◆ **Exercise data**
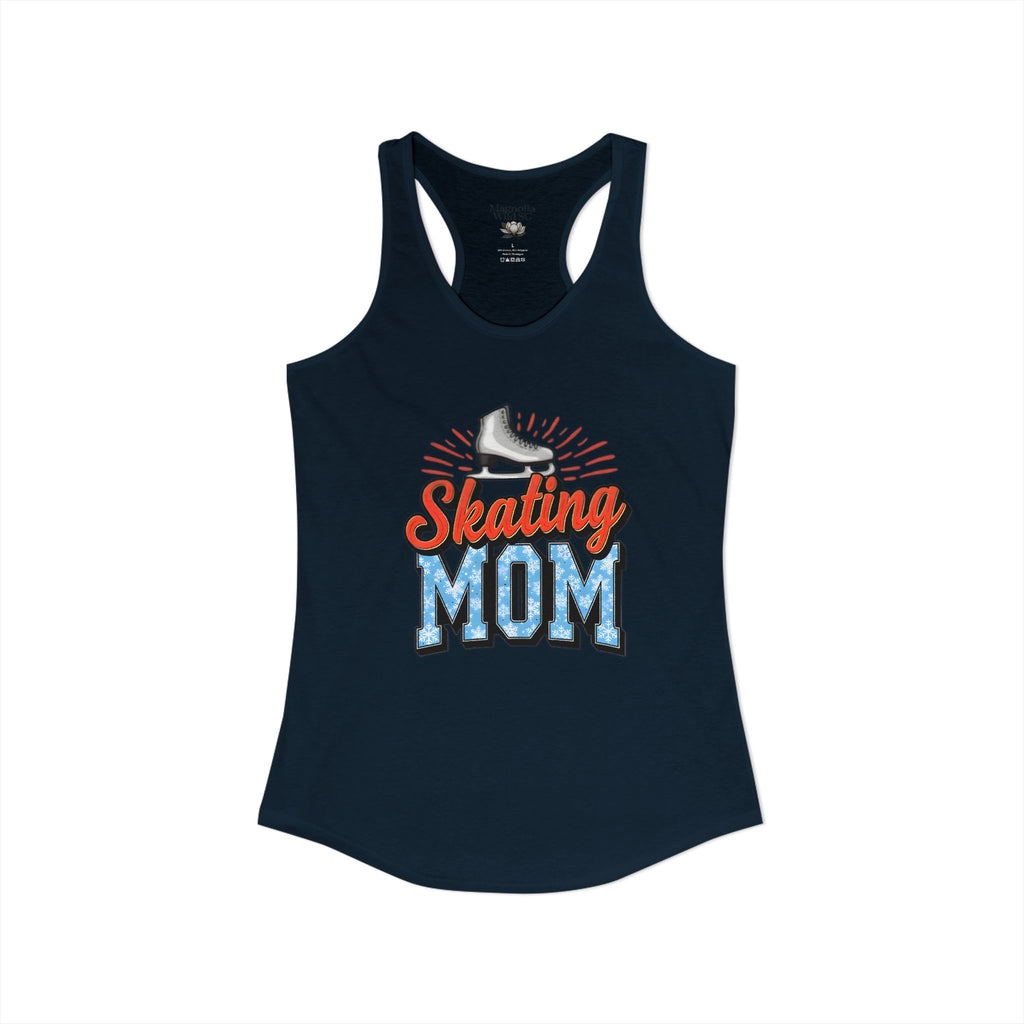 Personalized Figure Skating Racerback Tank - Magnolia Wild SC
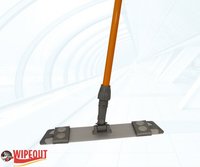 FLAT MOP HOLDER VELCRO METAL 40cm & STEEL HANDLE YELLOW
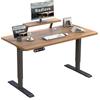 Radlove - Scrivania elettrica regolabile in altezza con supporto per monitor, display LED, 140x76 cm, scrivania regolabile per ufficio a casa e ufficio, aspetto legno antico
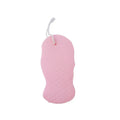 3D fish scale pattern bath sponge ball in white, grey, pink or light blue colours for gentle body exfoliation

◆ **Goal of the exercise**
The answer should consist only of the lines from the line with "Radlove - Scrivania" through the last line of the data, repeated exactly; pictures stay out.

◆ **Result of this exercise**
 Radlove - Scrivania elettrica regolabile in altezza con supporto per monitor, display LED, 140x76 cm, scrivania regolabile per ufficio a casa e ufficio, aspetto legno antico
 3D fish scale pattern bath sponge ball in white, grey, pink or light blue colours for gentle body exfoliation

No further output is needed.